While going through a box of books yesterday I came across something I'd forgotten: John Stott's The Birds our Teachers. This is a small book inspired by references to birds in the Bible and full of beautiful pictures of birds. Short chapters make it a natural for devotional reading - I'm going to start reading it to my family this morning.
You see, He is making the birds our school-masters and teachers... in other words, we have as many teachers and preachers as there are little birds in the air. - Martin Luther in his commentary on the Sermon on the Mount, 1521
The chapters focus on a particular attribute and a bird that the author (who coined the term "orni-theology") links to it: "The Feeding of Ravens: Faith," "The Metabolism of Hummingbirds: Work," "The Song of Larks: Joy." Photographs and bird facts a sprinkled throughout.
It's a book anyone in the family can enjoy and browse through. Young children aren't going to "get it" reading it on their own but they would enjoy the beautiful bird pictures.

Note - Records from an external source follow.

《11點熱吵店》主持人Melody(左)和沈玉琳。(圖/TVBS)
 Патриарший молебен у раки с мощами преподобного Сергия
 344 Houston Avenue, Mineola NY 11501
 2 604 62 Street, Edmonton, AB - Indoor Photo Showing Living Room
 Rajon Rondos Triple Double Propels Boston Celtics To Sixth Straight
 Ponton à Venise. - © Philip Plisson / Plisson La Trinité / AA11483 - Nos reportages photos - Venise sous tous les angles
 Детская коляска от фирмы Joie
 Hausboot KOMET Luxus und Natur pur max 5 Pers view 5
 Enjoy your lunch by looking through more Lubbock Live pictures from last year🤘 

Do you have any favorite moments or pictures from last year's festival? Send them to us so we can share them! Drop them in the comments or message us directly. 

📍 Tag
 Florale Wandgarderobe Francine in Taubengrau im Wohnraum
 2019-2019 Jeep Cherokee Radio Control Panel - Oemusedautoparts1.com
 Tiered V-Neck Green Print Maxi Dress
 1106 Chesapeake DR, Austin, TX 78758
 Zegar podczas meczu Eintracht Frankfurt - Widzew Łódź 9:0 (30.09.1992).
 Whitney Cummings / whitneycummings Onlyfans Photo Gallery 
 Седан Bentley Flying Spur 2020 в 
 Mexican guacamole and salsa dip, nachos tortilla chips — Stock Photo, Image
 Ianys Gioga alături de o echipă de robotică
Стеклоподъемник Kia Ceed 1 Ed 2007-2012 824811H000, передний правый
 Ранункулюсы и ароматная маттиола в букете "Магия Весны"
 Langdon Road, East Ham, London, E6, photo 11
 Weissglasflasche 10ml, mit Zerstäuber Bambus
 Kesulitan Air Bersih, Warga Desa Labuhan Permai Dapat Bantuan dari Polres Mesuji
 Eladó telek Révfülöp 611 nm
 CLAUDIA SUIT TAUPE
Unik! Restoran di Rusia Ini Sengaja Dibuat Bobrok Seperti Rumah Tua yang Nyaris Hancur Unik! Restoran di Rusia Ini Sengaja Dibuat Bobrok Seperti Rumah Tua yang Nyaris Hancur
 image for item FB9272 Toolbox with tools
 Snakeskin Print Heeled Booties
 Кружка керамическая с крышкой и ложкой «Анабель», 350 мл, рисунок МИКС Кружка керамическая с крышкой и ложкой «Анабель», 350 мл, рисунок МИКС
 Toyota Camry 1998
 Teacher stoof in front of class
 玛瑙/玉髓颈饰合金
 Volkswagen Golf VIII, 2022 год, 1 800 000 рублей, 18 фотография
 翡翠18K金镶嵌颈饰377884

In the introduction the author expresses my complaint:
This book is out of print, but I saw it on Ebay and Amazon.com. I have no idea how we came to own it! I'm glad it turned up yesterday.
As a matter of fact, Scripture bids us go beyond birds and include in our interest everything God has made: "Great are the works of the Lord, studied by al who delight in them." (Psalm 11:2 NRSV) Since "the works of the Lord" refer to his works of both creation and redemption, it seems to me that nature study and Bible study should go together. Many Christians have a good doctrine of redemption, but need a better doctrine of creation. We ought to pursue at least one aspect of natural history.
Have you found any Christian nature writers?